Discovered in the poison waters of an abandoned well, two fungi brought together in a lab have developed a compound powerful enough to destroy antibiotic resistant strains of MRSA, strep, and even anthrax.

Reference: http://pubs.acs.org/doi/abs/10.1021/acs.jnatprod.7b00133

4. Scientists have found a way to extract ancient human DNA from 240,000-year-old dirt

German scientists just made a major breakthrough in sequencing the DNA of our ancient ancestors. While researchers have long relied on painstaking work and pure good luck to uncover the fossilized remains of our predecessors, a new technique has allowed scientists to pull DNA from something far more abundant: dirt.
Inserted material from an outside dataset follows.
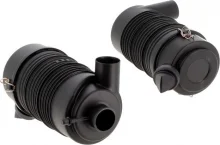 HIFI FILTER čistič vzduchu SAH 01C05SDP001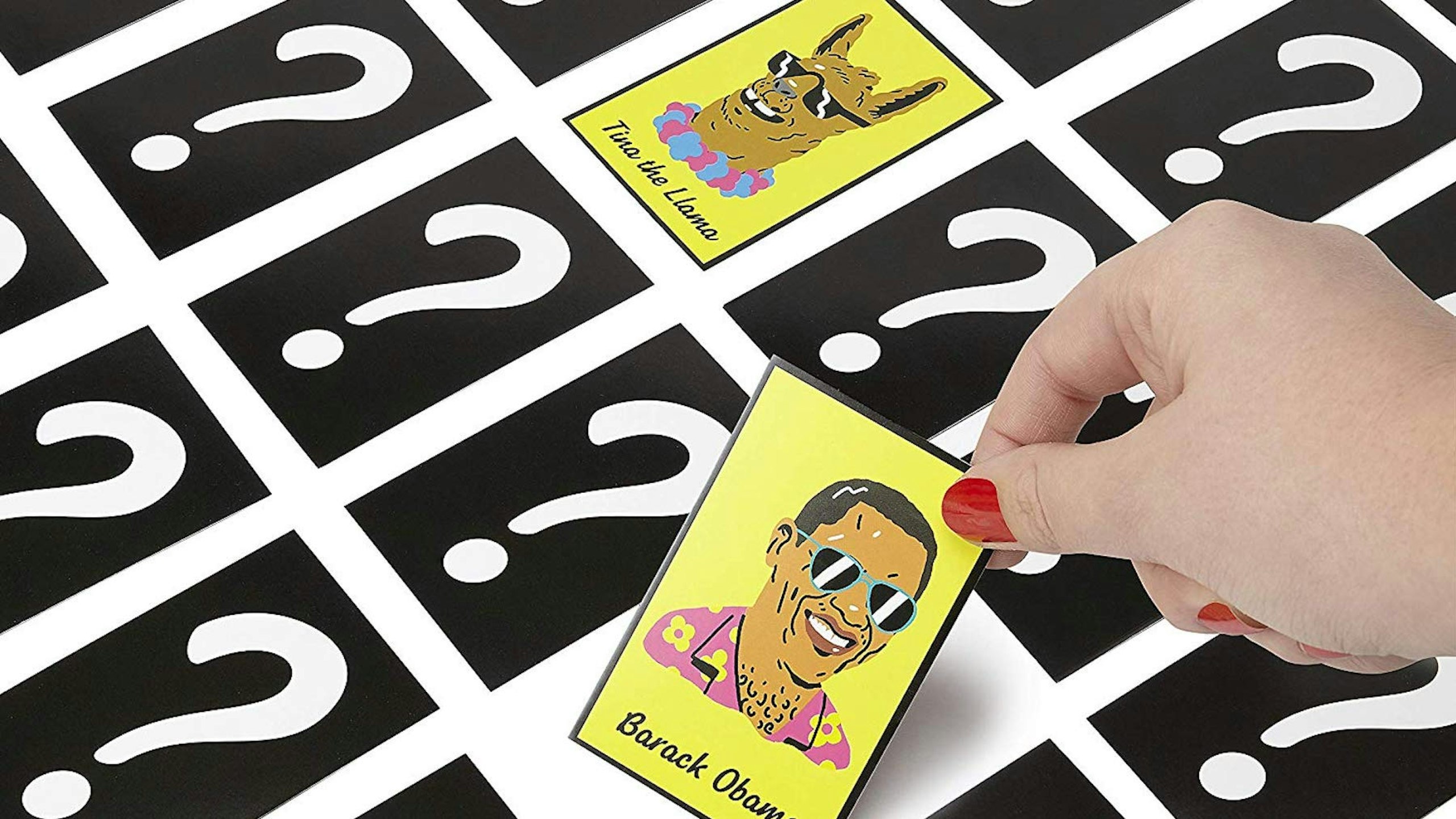 Obama Llama 2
Reference: https://www.nature.com/news/ancient-human-genomes-plucked-from-cave-dirt-1.21910

5. Scientists have developed the world’s first synthetic retina made of soft tissue

Researchers have created the world’s first artificial retina using soft synthetic tissue, which they say could be used to develop a new generation of less-invasive bionic eye implants in the future.
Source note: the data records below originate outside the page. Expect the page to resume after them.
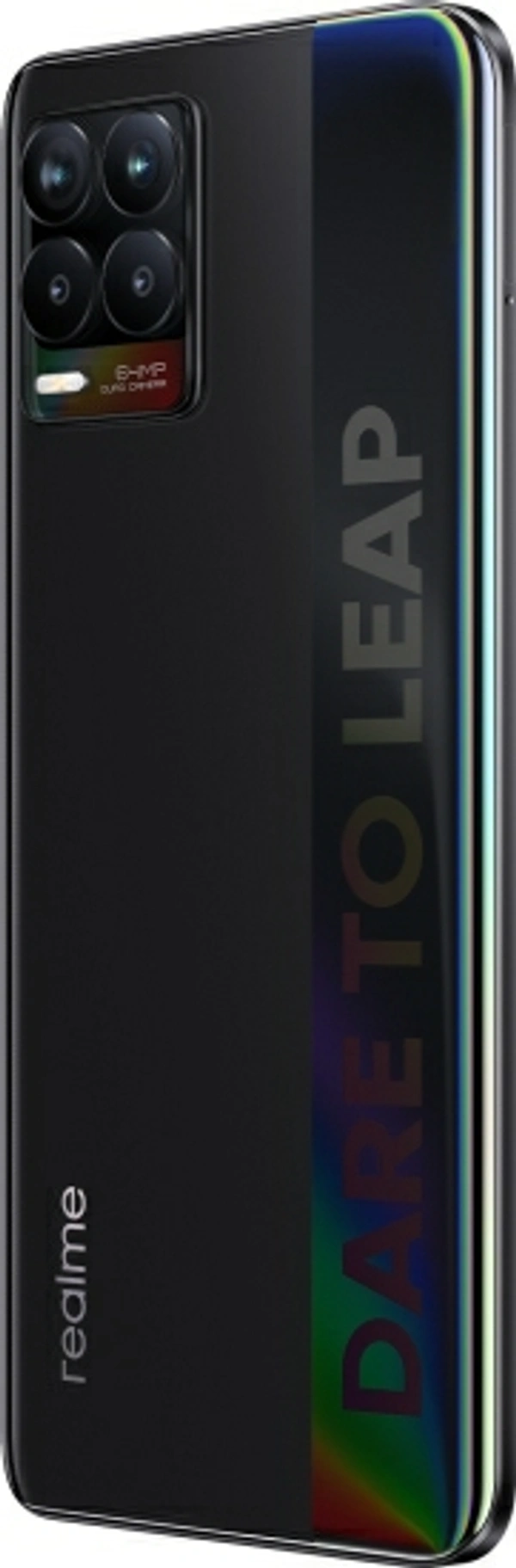 realme 8 (Cyber Black, 128 GB)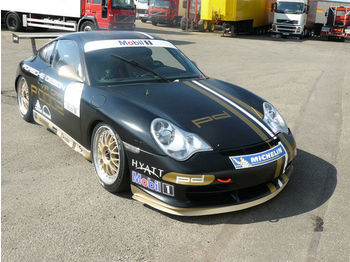 Porsche 911 GT3 Cup 420PS Motec - Легковий автомобіль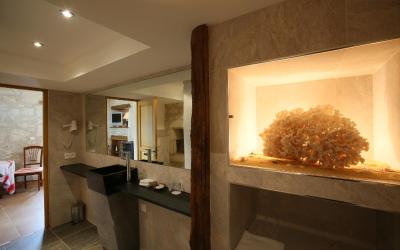 Chambre Deluxe Chambre Deluxe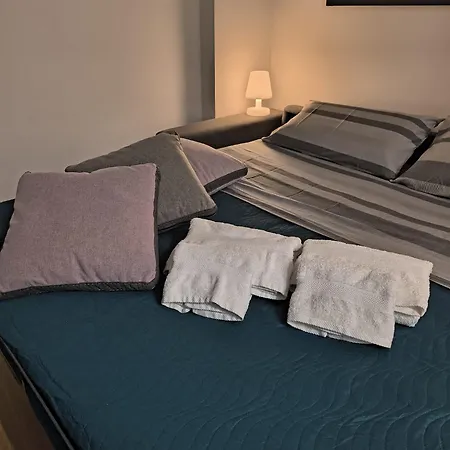 La Casetta Апартаменты Бари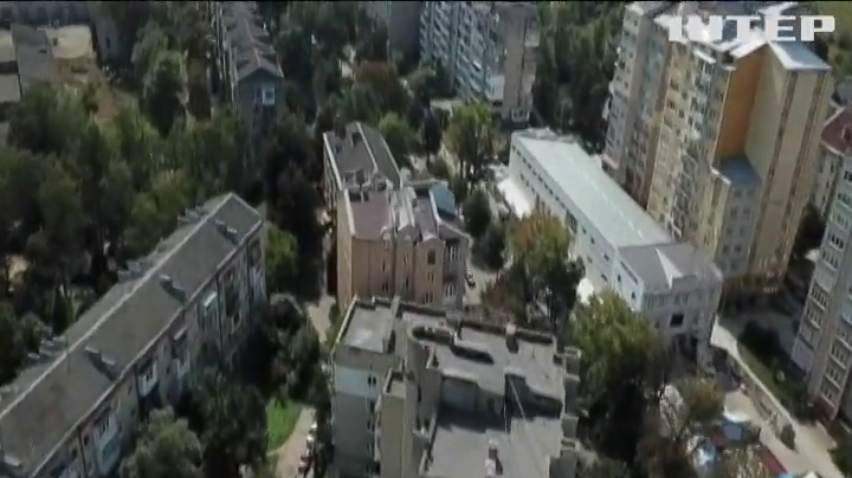 Українці відмовляються від централізованого опалення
Made from a combination of water-based hydrogel droplets and light-sensitive proteins, the synthetic retina is designed to mimic the functionality of its biological counterpart while existing in harmony with the tissue that makes up the rest of the inner eye.
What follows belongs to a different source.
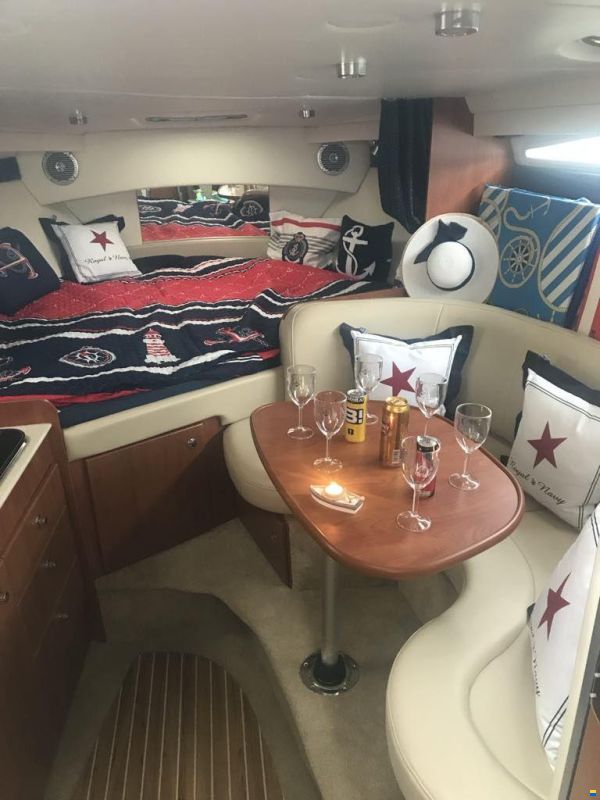 Bayliner 300 SB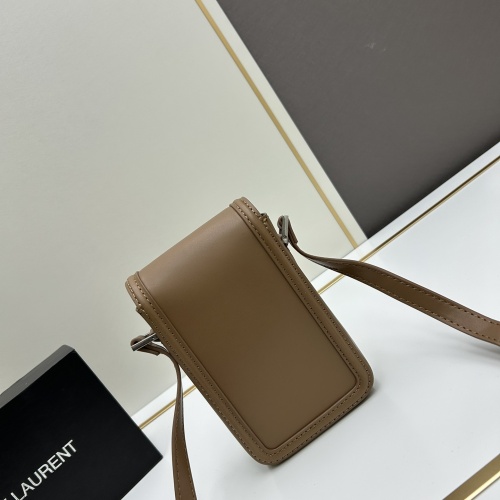 Cheap Yves Saint Laurent YSL AAA Quality Messenger Bags For Women #1238162 Replica Wholesale [$82.00 USD] [ITEM#1238162] on Replica Yves Saint Laurent YSL AAA Messenger Bags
Reference: https://www.nature.com/articles/srep46585

6. New quantum materials can conduct electricity at nearly the speed of light

Physicists have been testing the properties of new 2D quantum materials that could usurp graphene as the ‘wonder materials’ of the future.

These materials, which can conduct electricity at nearly the speed of light, could replace silicon in the next generation of hyper-speed computers. One could even form the basis of a new “exotic superconductor” that could actually break time-reversal symmetry — or reverse the flow of time.

Reference: https://www.nature.com/nature/journal/vaop/ncurrent/full/nature22060.html

7. We just got back images from the first-ever dive through saturn’s rings

Scientists just got their first glimpse into the space between Saturn and its rings. And it’s pretty stunning. NASA space probe Cassini performed the first of 22 planned dives through the rings around the planet. No human-made object had ever ventured so far into those swirling bands of ice and dust particles.

Reference: https://www.washingtonpost.com/news/speaking-of-science/wp/2017/04/27/cassini-just-sent-back-images-from-its-first-ever-dive-through-saturns-rings/

8. Widespread vitamin D deficiency and chronic diseases are likely due to sunscreen use, study finds

Results from a clinical review find nearly 1 billion people worldwide may have deficient or insufficient levels of vitamin D due to chronic disease and inadequate sun exposure related to sunscreen use.